__REQUIRED WORK__. Print exactly, and only, the lines from the one that has "Nazr-e-Bad - Signs" through the end of the material below, with both ends included and the pictures omitted.

__INFORMATION SHOWN__.
- - - - - - -
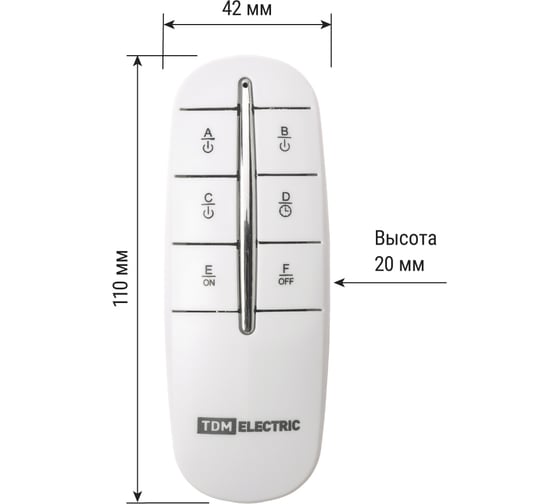 Дополнительный пульт управления TDM ELECTRIC ПУ2 для комплектов ПУ2-МК-3/4 (3-4 канала) "Уютный дом" SQ1508-0109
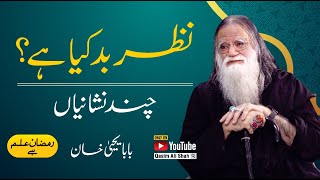 Nazr-e-Bad - Signs of Evil Eye - Baba Mohammad Yahya Khan | Ramzan ilm Hai - Ramzan Transmission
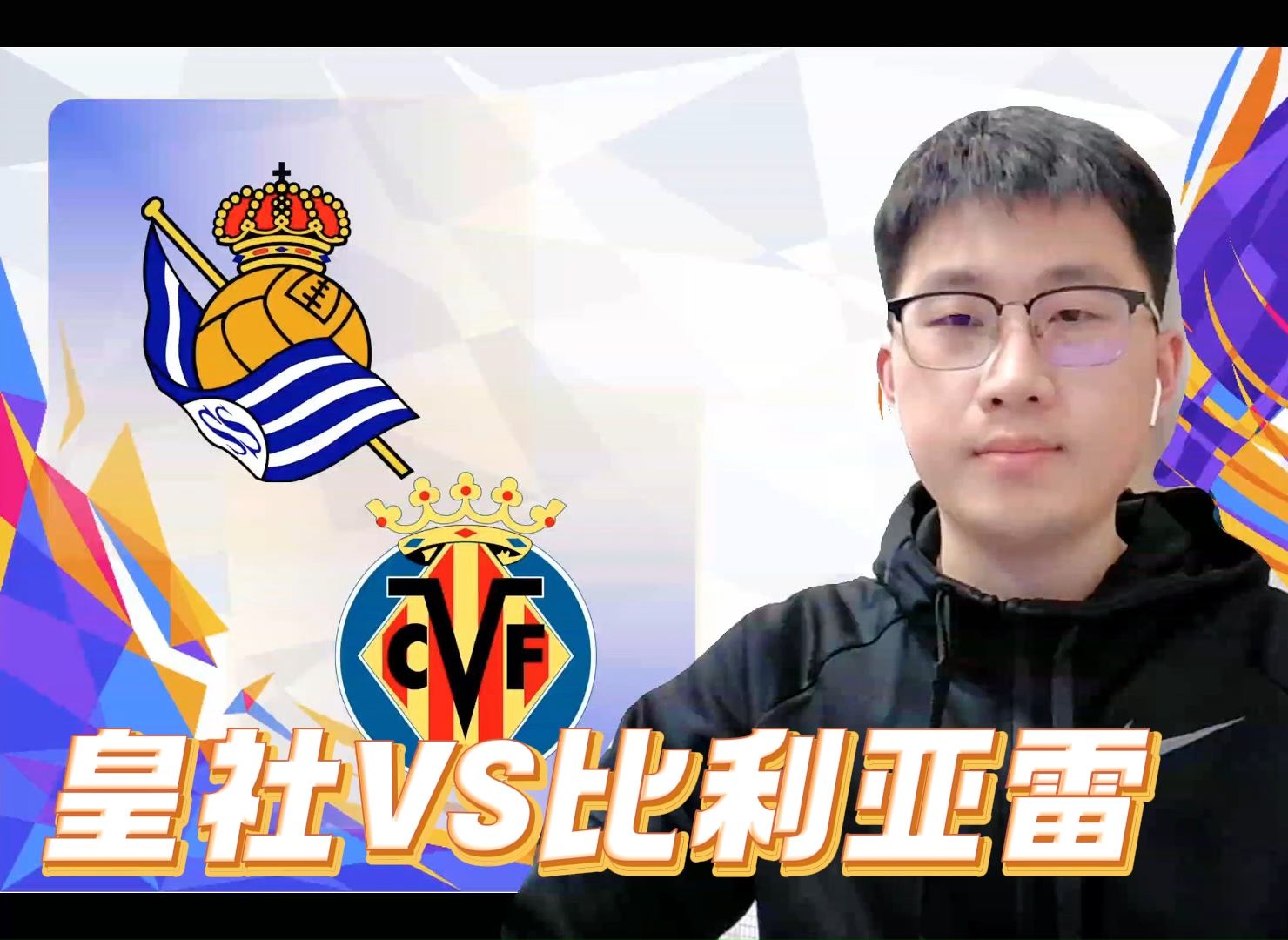抢分大战！皇家社会战胜皇家贝蒂斯比利亚雷亚尔胜赫塔费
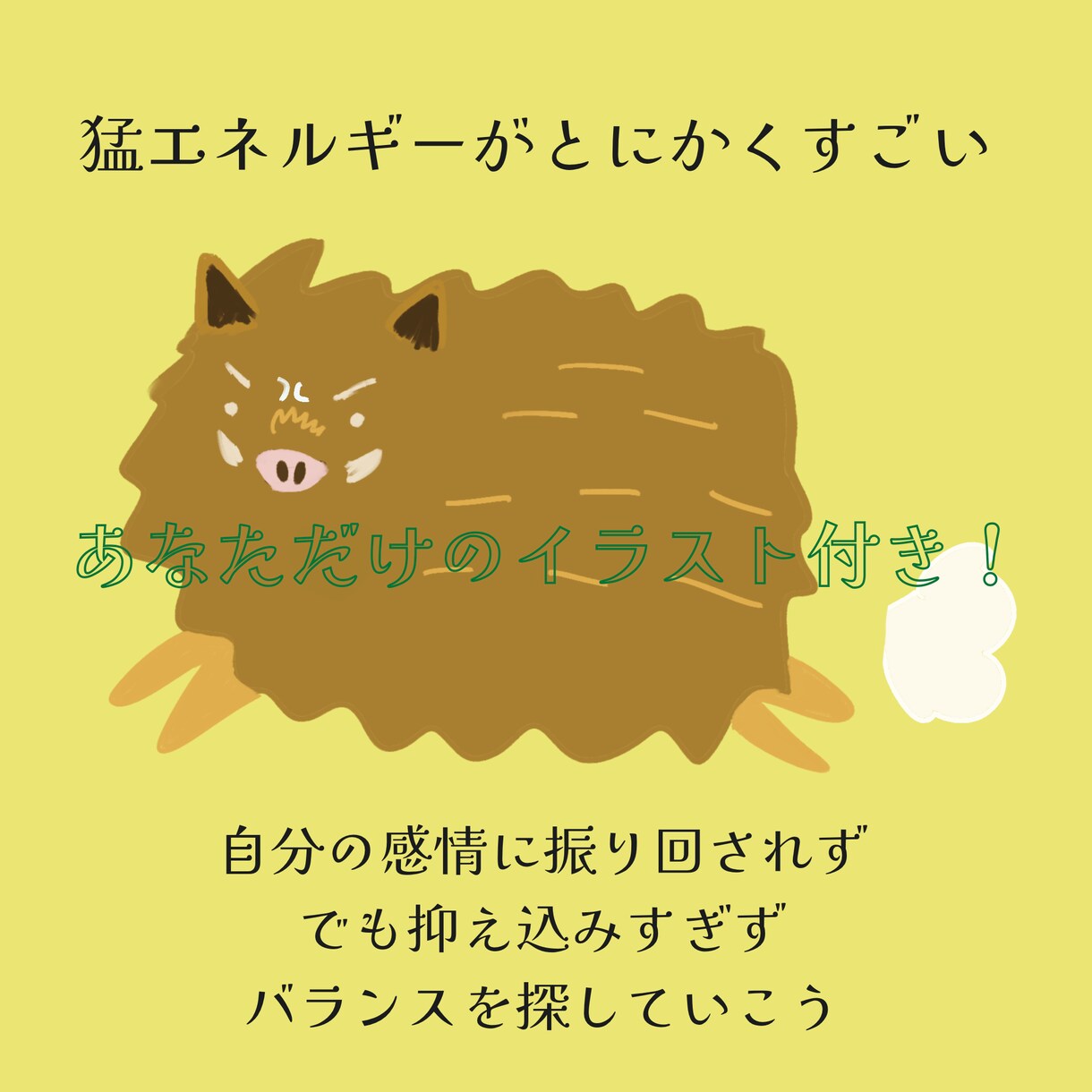 自分を変えてゆくための占いをします ”今”に集中し良い流れに変えてゆけるメッセージをお伝えします イメージ2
- - - - - - -
__PROBLEM SOLUTION__.
 Nazr-e-Bad - Signs of Evil Eye - Baba Mohammad Yahya Khan | Ramzan ilm Hai - Ramzan Transmission
抢分大战！皇家社会战胜皇家贝蒂斯比利亚雷亚尔胜赫塔费
 自分を変えてゆくための占いをします ”今”に集中し良い流れに変えてゆけるメッセージをお伝えします イメージ2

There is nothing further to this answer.